Densho Digital Archive
Manzanar National Historic Site Collection
Title: Masako Murakami Interview
Narrator: Masako Murakami
Interviewer: Larisa Proulx
Location: Los Angeles, California
Date: November 19, 2014
Densho ID: denshovh-mmasako-01-0006

<Begin Segment 6>

LP: Do you remember the transition from Gila to Tule at all? Was it by train or bus?

MM: I think it was by train.

LP: And I don't know if you caught this, from this interview yesterday, talking about the train ride, this person was, like, eleven years old and remembers asking the guard if he could put the shade up. And he remembers counting backwards based of where the train would stop and the clicks of the gate going up and down, "Okay, now we're at this street, now we're at this street."

MM: Really?

LP: But do you recall the presence of the guards or the military, what that was like?

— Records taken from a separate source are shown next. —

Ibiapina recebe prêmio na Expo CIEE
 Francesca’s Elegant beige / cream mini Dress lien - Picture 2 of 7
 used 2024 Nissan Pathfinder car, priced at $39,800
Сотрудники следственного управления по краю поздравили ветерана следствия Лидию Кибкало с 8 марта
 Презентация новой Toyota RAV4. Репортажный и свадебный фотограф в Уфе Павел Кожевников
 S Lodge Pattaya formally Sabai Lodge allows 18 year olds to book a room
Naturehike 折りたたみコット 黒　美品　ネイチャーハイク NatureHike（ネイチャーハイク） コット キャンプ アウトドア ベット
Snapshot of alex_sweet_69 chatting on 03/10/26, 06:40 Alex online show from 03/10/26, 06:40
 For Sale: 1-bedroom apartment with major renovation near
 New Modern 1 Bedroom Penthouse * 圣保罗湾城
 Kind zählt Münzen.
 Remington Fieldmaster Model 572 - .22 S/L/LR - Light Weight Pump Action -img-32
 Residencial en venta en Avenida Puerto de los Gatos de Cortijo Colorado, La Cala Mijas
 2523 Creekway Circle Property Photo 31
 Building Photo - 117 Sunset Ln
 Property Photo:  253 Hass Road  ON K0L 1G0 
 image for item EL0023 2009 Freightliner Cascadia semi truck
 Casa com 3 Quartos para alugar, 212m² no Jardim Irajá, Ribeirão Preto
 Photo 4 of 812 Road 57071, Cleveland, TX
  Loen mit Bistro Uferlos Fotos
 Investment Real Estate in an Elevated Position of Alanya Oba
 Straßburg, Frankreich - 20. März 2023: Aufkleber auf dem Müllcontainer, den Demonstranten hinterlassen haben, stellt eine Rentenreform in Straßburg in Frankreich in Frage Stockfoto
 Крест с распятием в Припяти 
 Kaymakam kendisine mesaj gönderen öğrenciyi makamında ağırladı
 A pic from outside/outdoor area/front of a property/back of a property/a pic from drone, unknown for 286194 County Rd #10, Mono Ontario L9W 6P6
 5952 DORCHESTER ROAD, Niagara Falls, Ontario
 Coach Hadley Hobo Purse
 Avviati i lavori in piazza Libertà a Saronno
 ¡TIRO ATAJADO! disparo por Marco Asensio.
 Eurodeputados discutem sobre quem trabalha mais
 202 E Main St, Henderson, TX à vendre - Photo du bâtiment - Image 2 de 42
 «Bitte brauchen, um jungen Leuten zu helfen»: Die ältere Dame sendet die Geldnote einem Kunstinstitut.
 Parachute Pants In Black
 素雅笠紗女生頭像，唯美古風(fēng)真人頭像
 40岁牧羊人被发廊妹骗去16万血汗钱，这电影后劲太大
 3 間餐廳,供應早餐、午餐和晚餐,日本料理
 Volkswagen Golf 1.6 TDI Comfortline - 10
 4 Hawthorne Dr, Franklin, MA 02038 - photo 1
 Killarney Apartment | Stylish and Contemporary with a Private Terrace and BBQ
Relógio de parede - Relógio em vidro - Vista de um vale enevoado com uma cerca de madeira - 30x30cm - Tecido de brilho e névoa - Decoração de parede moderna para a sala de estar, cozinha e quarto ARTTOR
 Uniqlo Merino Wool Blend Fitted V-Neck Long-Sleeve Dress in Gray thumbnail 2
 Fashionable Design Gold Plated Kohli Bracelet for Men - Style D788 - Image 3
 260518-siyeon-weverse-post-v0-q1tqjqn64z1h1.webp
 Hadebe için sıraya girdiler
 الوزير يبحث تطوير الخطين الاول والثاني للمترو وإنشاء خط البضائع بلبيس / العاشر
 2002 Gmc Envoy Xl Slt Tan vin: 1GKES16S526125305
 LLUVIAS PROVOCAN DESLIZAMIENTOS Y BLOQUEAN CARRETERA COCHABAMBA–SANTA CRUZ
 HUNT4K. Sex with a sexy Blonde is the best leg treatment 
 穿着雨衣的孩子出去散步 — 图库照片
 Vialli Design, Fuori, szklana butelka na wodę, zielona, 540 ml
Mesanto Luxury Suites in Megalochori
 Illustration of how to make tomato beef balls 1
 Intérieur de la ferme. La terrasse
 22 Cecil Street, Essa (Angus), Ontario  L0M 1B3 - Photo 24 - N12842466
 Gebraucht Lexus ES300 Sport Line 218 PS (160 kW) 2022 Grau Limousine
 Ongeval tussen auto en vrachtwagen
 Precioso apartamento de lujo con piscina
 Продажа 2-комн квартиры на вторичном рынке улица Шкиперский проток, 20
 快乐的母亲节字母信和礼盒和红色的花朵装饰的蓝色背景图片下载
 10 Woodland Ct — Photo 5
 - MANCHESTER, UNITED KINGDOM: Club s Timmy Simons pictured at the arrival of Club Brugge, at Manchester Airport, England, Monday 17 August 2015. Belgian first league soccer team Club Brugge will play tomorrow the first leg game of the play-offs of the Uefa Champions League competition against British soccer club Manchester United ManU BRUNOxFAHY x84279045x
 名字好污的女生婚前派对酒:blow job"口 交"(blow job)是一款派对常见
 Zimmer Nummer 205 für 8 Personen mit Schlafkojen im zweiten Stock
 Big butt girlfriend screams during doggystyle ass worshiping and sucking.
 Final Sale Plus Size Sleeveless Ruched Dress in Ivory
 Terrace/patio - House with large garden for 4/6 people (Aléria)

MM: Yeah, I don't remember the transition at all, but I just remember when we went to Tule Lake, the barracks were black. That was a big contrast. And I think we went in August or October, can't remember.

KL: October.

MM: October. So the weather was probably... because in Tule Lake it snowed a lot. And it was cold, we weren't equipped with clothing. My mother used to always sew, I don't know where she got the money to buy fabric, I don't know, but she was always sewing. And I think my father in Gila worked on the farm, which he was not a farmer. And then when we went to Tule Lake, he was a bookkeeper in the canteen. So there was a lot of political things going on there, I'm sure, in the background. Of course, he never talked about it. But my friend's father was murdered, I remember, and she didn't come to school that day. And we found out that he was killed, he was the head of the canteen. And I don't think they ever found anybody. I think there was so much going on in Tule Lake, that all of us didn't know about. And I don't think my father was... although I asked about that years before he died, and he says, "I don't know what happened," but my friend's sister said it's probably an inside job, but they never found anything. I'm sure a lot of that was going on, and there were a lot of factions in camp, the real pro-Japan, the real neutral people, people who stayed, who answered "yes-yes" anyway, and they didn't want to move. In my area, because of the Japanese schools and all that, they were probably all people who came in from other areas. Because my girlfriend's, one of them was in Gila, one was in Rohwer, we came from all over. It was a good existence for me because I made lifelong friends. I still see them and talk to them.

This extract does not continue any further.